Blas Cornejo alzó los brazos al cielo, o mejor dicho, apuntó al cielo raso con las manos unidas como haciendo una plegaria, al tiempo que gritó:
-¡Líbrame Dios o quien sea que esté en las alturas, de esta manga de ciegos inútiles!
Y claro, todos miramos hacia él. Yo uso anteojos y eso dificulta un poco la cosa, sobre todo porque hace bastante que no los cambio. Deberé ir al oculista en breve. El astigmatismo deforma las imágenes, pero no los hechos. El caso es que me pareció que era la voz de mi vecino Blas, y como quien no quiere la cosa me fui acercando al mostrador de dónde provenía la discusión. Allí estaba Estefanía Grasso, la empleada del Banco Hipotecario, explicando de forma acalorada que las reglas son reglas y se hicieron para cumplirse.
Me gusta pensar que hay cosas en movimiento que están fuera de nosotros, y ese día todo confluyó para corroborar esa loca hipótesis, incluso los espejos que adornaban el lugar. Por uno de ellos, vi el perfil del hombre: su nariz respingona, los pómulos salientes y el rictus amargo que se dibujó en sus labios. Era Blas. Seguí aproximándome lo más que pude, ante la mirada de pocos amigos de la empleada que, zarandeaba los anteojos que colgaban de un collar de cuentas tipo perlas, mientras movía con fastidio todo su cuerpo. —Señor, este documento es obsoleto. Usted dice que es usted, pero nosotros tenemos la última palabra, y el de la foto no se le parece en nada.
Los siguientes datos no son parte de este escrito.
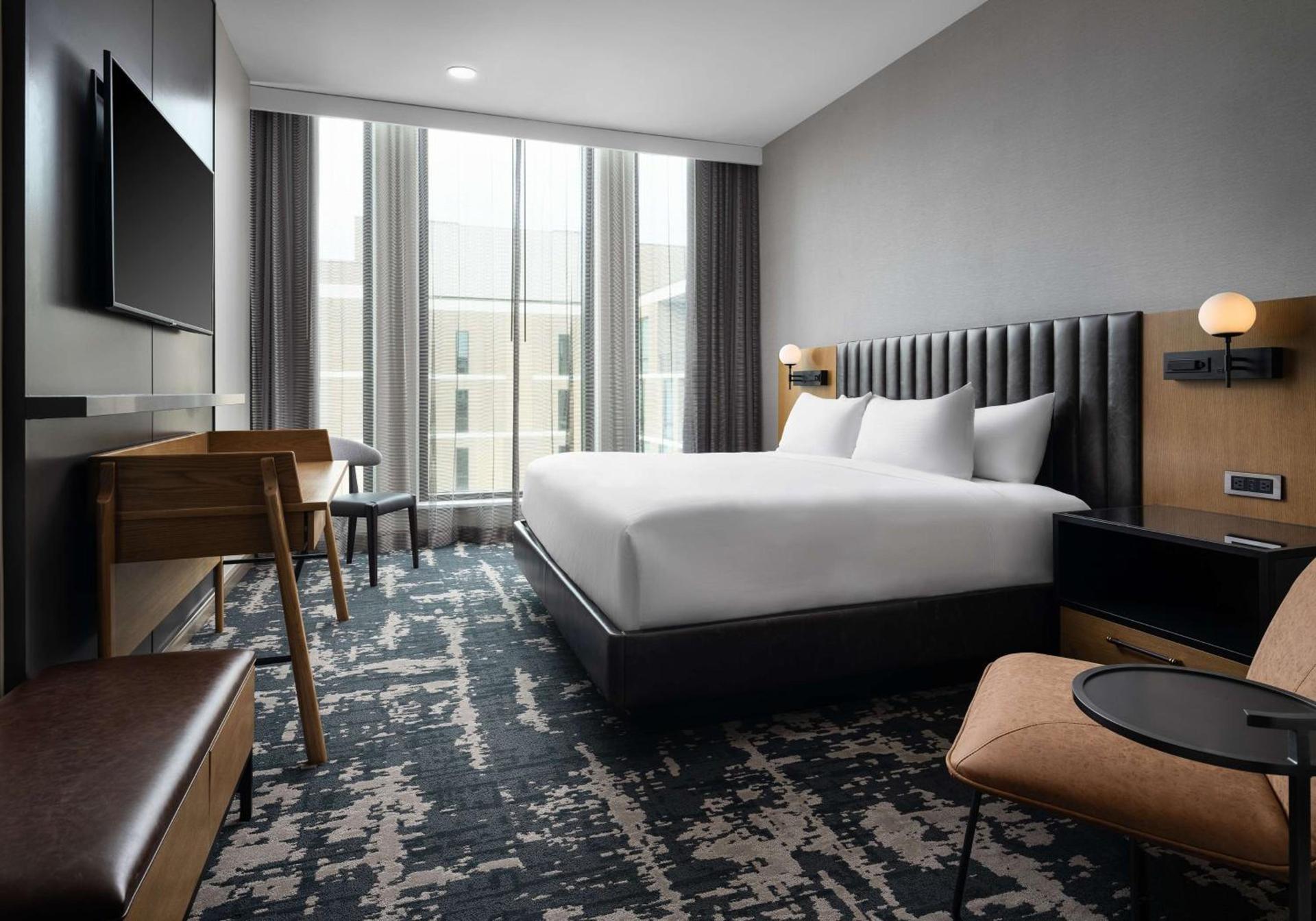 The Highland Dallas, Curio Collection by Hilton photo 14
Como esas cosas mágicas, de pronto, cientos de luces pequeñísimas, apuntaron a los ojos de mi vecino. A estas alturas, yo ya estaba al lado de él y corroboré que se trataba del Sr. Blas Cornejo, el del séptimo piso. Lo conozco bastante porque hace años que somos vecinos y además porque lo escucho practicar con el saxo. En las tardes interminables de invierno, mientras hago crucigramas, me deleito con sus interpretaciones. La música siempre desnuda el alma, y todos los que vivimos en el edificio sabemos de su entrega y perseverancia. Lástima que la señorita Estefanía esté empeñada en mirar su documento. Si mirara su alma, sabría que él es él y no otro; Blas es genuino. Ella no es vecina del complejo edilicio y además cumple órdenes. No sólo eso, los empleados de Banco no están para mirar a los ojos, están allí para otras cosas, como por ejemplo para detectar falsificaciones tanto de billetes como de personas y no les importa nada más. Parece que mi vecino Blas fue a cobrar un dinero que le había girado su representante artístico, y al presentar su documento la fotografía no estaba acorde a la fisonomía que presentaba hoy, razón por la cual, la empleada le dijo que no podría cobrar su dinero porque no era quien decía ser y esa fue la raíz del griterío que se armó. Mi deseo era explicarle a la empleada que Blas había hecho un gran esfuerzo para bajar de peso, decirle a esa mujer tan llena de estructuras que alzara la vista para mirar a los ojos a mi vecino, y entonces sabría que nadie escapa a su propia mirada, aún en tiempos de cambios. Con Blas no nos encontrábamos en el ascensor desde hacía más de un año, él usaba las escaleras. No obstante ello, nos veíamos con asiduidad en el parque cada vez que yo sacaba a pasear a mi perro Bob y él sacaba a respirar su saxofón. Con el descenso de peso decidió quitarse la barba. El tatuaje en el cuello seguía ahí, como siempre. Si mal no recuerdo, me contó que era un Ave Fénix, en color azul y amarillo.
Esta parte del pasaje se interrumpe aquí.